> **Your assignment**: In the answer, transcribe exactly the lines from the beginning of the material through the line holding "You can also", and skip every picture.

> **Available data**:
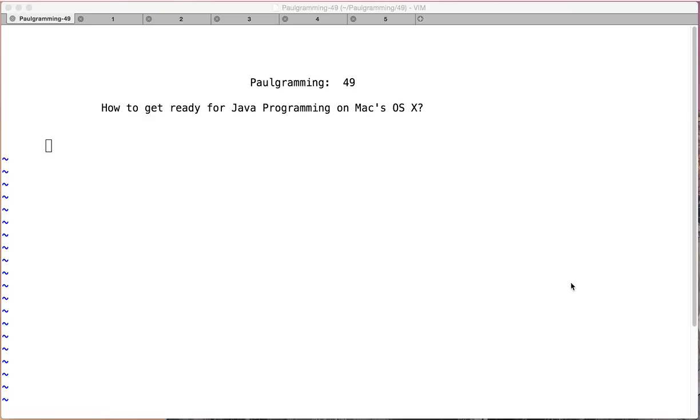Hello and welcome to programming. This is video number 49. In this video I'll show you how to get ready for Java programming on a Mac machine.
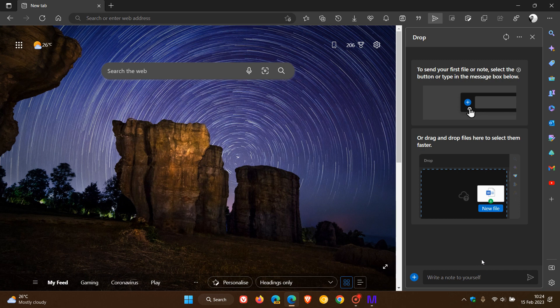You can also drag and drop files and images here and you can select those and those will also sync up to OneDrive. You can access those between your different devices using the Drop feature.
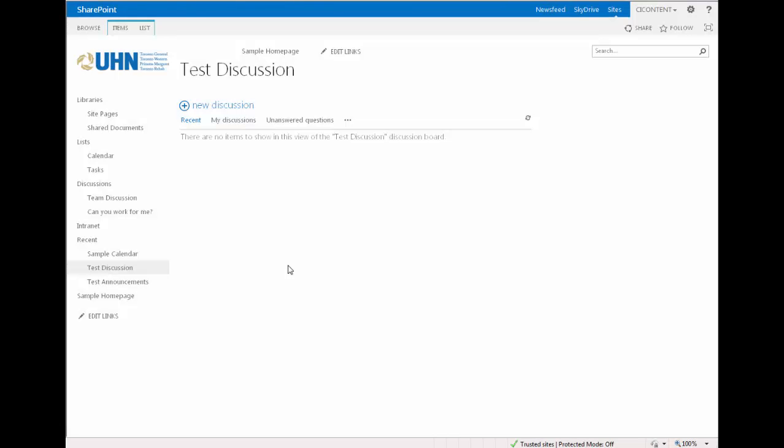Discussion boards or forums can be very helpful to a team's online collaboration. This tutorial will teach you how to use the discussion web part in SharePoint 2013, including posting, viewing, and replying to posts.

> **Answer space**:
Hello and welcome to programming. This is video number 49. In this video I'll show you how to get ready for Java programming on a Mac machine.
You can also drag and drop files and images here and you can select those and those will also sync up to OneDrive. You can access those between your different devices using the Drop feature.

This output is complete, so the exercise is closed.